A longtime leader of the state’s economic development efforts will now take over the role in Lawrence, officials from the Lawrence chamber of commerce announced Friday.
Steve Kelly, the deputy secretary of the Kansas Department of Commerce and director of business and community development, has agreed to leave the Department of Commerce and take over Lawrence’s economic development program. He is expected to begin in early January as vice president of economic development with The Chamber and the Economic Development Corporation of Lawrence and Douglas County.
Although Kelly works in Topeka, he has lived in Lawrence for nearly 30 years, Larry McElwain, president and CEO of The Chamber said.
“We just know that we needed somebody who was high quality and we needed somebody who was very well experienced, and it just happened that person was on our doorstep,” McElwain said. “It finally dawned on us that we needed to approach him.”

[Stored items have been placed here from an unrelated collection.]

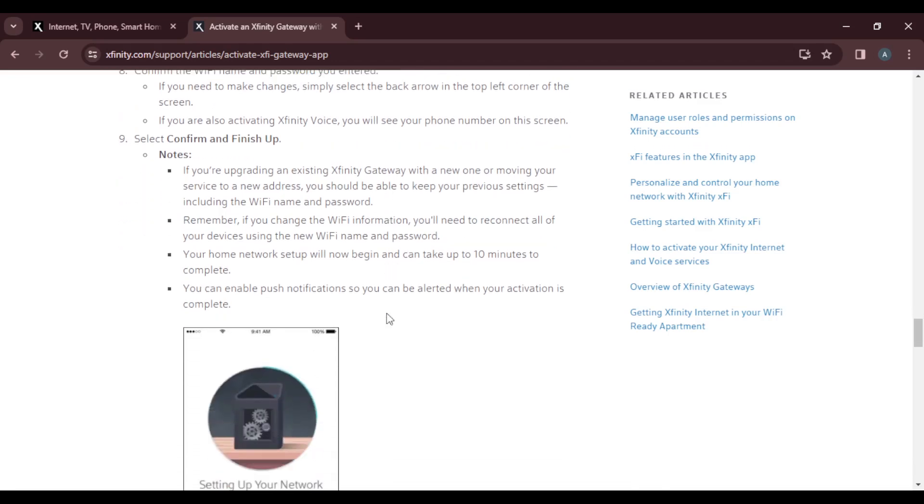Note: if you're upgrading an existing Xfinity gateway with a new one or moving your services to a new address, you should be able to keep your previous settings including Wi-Fi name and password.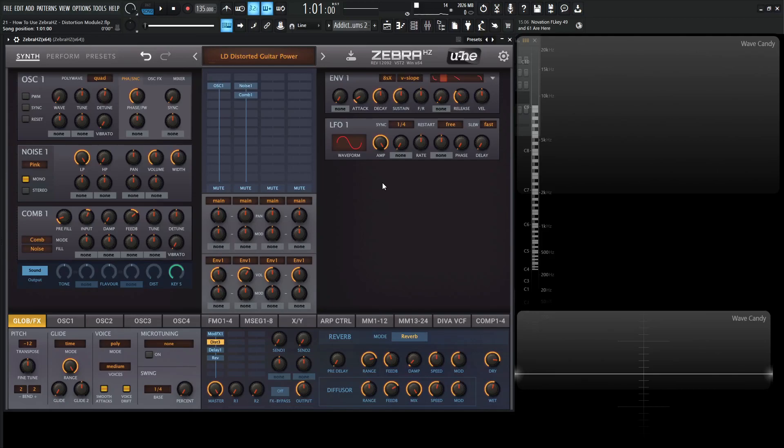Hey guys, John here. Welcome back to the course on how to use ZebraHZ. This is video 21, and today we're talking about the distortion module. So it basically creates typical analog type saturation, and you might be wondering to yourself, this is not an init preset. What is going on?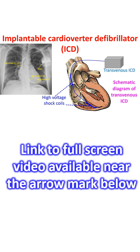Implantable cardiovascular defibrillator, known in short as ICD, is a device which monitors the heart rhythm continuously and treats it electrically when needed.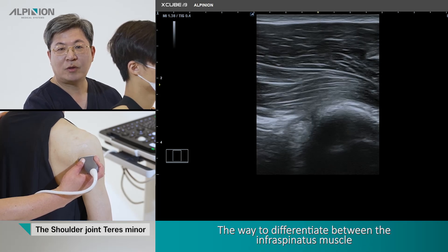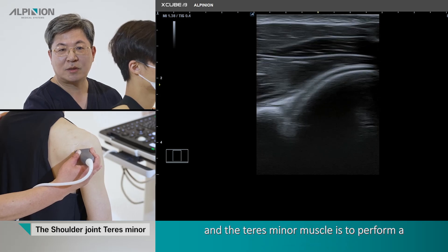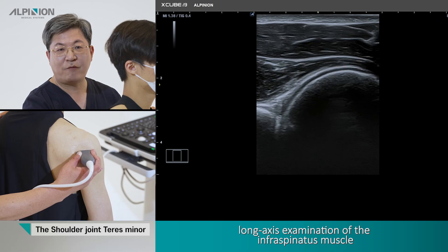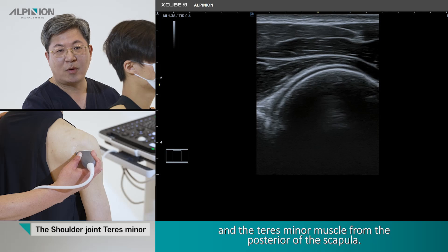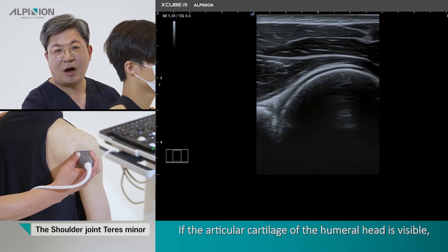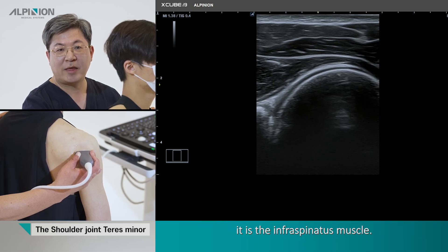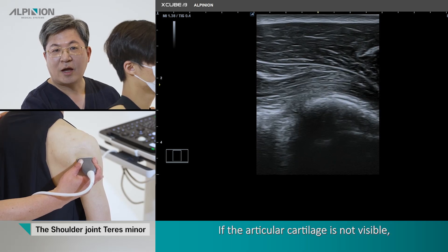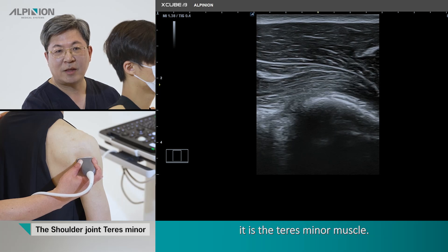To differentiate between the infraspinatus muscle and the teres minor muscle, perform a long axis examination of both muscles from the posterior aspect of the scapula. If the articular cartilage of the humeral head is visible, it is the infraspinatus muscle. If the articular cartilage is not visible, it is the teres minor muscle.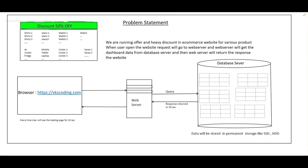Welcome to VKS coding. In this video we will talk about caching. Before getting to know about caching, let's first understand the problem and what caching is going to solve.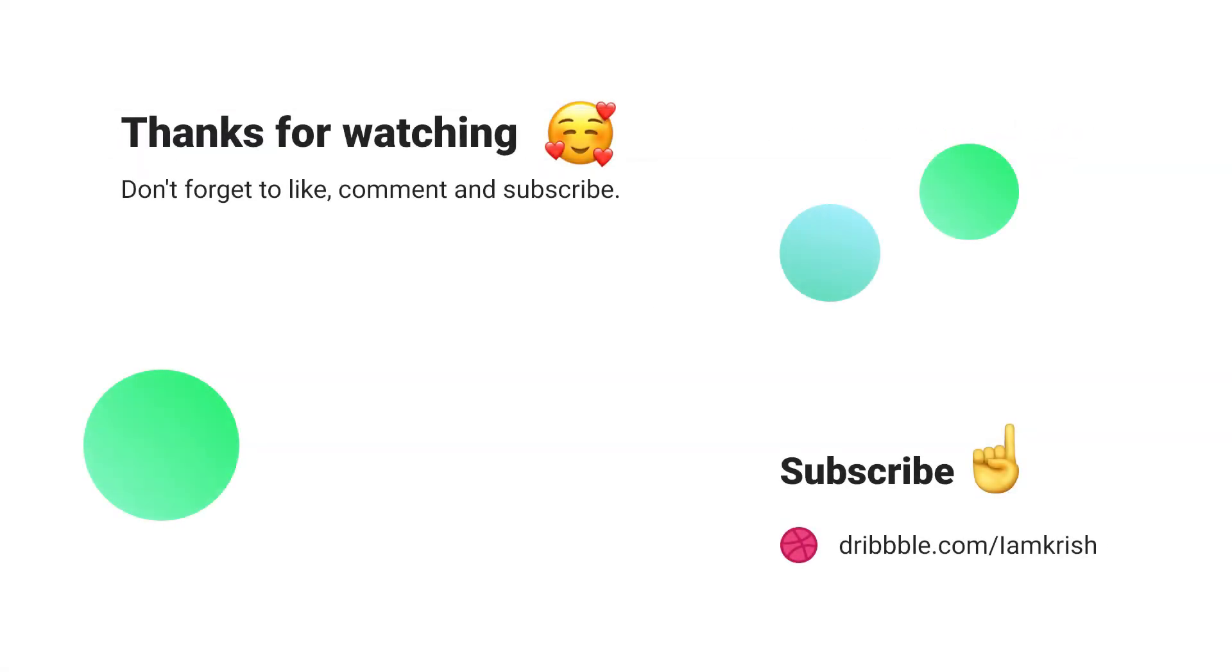If you find this tutorial helpful don't forget to like, comment and subscribe. See you in the next video.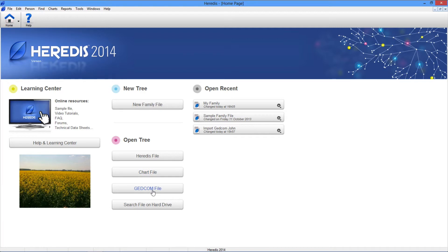If you cannot remember where you have saved a file that you have not used for some time, Heredis will help you find it on your hard drive. The home page also allows you to connect to the Heredis Learning Center.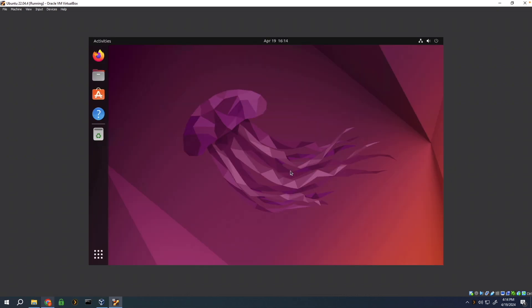There it is, we've successfully installed Ubuntu 22.04.4 within VirtualBox with the latest drivers and updates. Thank you for watching and I hope to see you again in another video.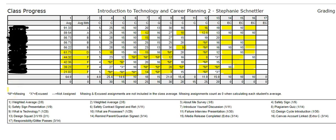Hi and welcome back to Surviving School with Schnettler. One of the important things you need to know is how to read a grade report. This is what I do in my class, so that's what we're going to pay attention to in this video. I have marked out all of the identifying information — these are real grades from a real class so that we can have a real discussion about grades.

In his position with the Department of Commerce, Kelly has played key roles in drawing major business projects to the state.

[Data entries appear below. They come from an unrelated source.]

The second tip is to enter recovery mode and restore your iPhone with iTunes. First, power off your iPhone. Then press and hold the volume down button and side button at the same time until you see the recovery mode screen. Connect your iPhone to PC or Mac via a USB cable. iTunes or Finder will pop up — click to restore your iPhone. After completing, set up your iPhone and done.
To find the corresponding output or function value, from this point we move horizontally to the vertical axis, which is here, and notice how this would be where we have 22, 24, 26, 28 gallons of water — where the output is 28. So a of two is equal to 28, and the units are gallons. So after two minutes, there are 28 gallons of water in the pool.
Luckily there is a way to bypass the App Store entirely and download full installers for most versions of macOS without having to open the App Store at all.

“I am very pleased to have this opportunity to be part of the team working to grow the Lawrence economy,” Kelly said in a press release. “Having lived here for nearly 30 years, I know Lawrence is a great community with unique assets and economic opportunities. I am very excited that I will now be collaborating with so many wonderful partners to realize those opportunities.”

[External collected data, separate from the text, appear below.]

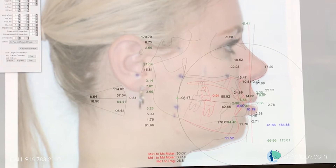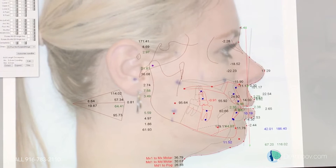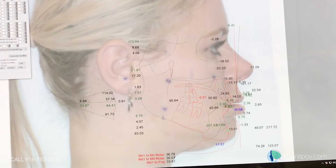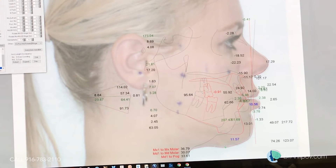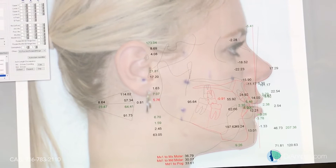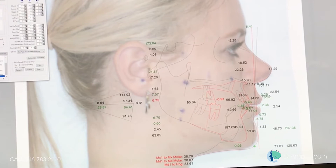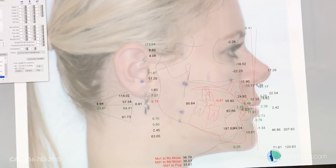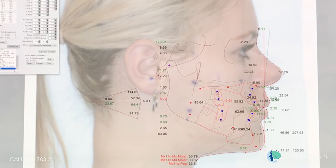That's a lot of movement - 95 degrees. Then we're going to work on the chin, to lengthen the chin.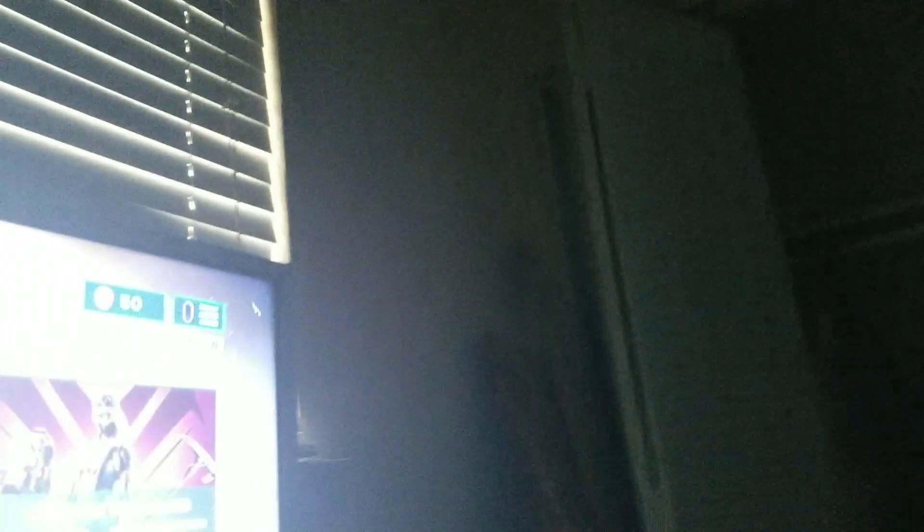So Mr. PC, I'm about to expose you in front of my chat. He was talking about how thick Ruby, the skin Ruby was. This kid said his mouth was watering. This kid said that.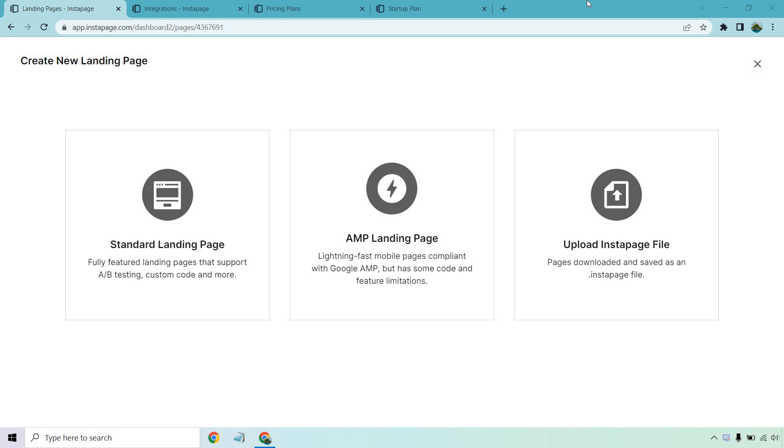Hello and welcome to my Instapage review where I'm going to be going over the landing page builder, give you a demo tutorial to show you exactly how it works, what you can expect in terms of features, and of course talk about the price and if it's going to be worth using as your landing page builder.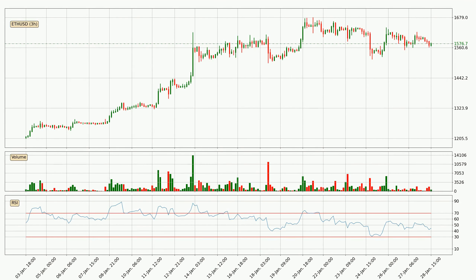Jumping to the three-hourly relative strength index, the current three-hourly RSI is at 45, so there are currently no signs of the crypto being overbought or oversold.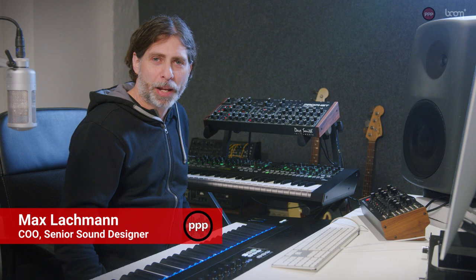Hi, I'm Max from Pole Position Production. Today we're going to have a look at our brand new plugin, Grip.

Local leaders said Kelly’s experience in the economic development field and knowledge of the area stood out.
“We are elated to have someone who knows how to use all of the tools of economic development,” said Cal Karlin, chair of The Chamber’s board of directors. “That fact that he is a Lawrencian means that he can better get our message out about what a great place this is to live and to do business.”
McElwain said Kelly brings relationships in the economic development world that the Lawrence chamber currently is lacking.
“We have listened to our critics,” McElwain said. “(One of) two things we were being critiqued pretty hard on is having professional economic developers. All of us on staff are learning those skills, but when you can hire somebody with the experience already in place, that is a premium that you go after.”
McElwain said the other item The Chamber has been criticized for is its funding agreement with the city of Lawrence. McElwain said a revised funding agreement is being submitted to city commissioners on Tuesday. That agreement will call for, among other items, the segregation of city funding for economic development and general Chamber funds, as well as a new requirement that any remaining economic development funds be rolled over from year to year, according to a city memo on the proposed agreement.
McElwain said he believes the proposed changes will answer the requests for more transparency in the city’s funding of economic development. He also said a similar agreement likely will be reached with the county, which also provides funding for economic development operations.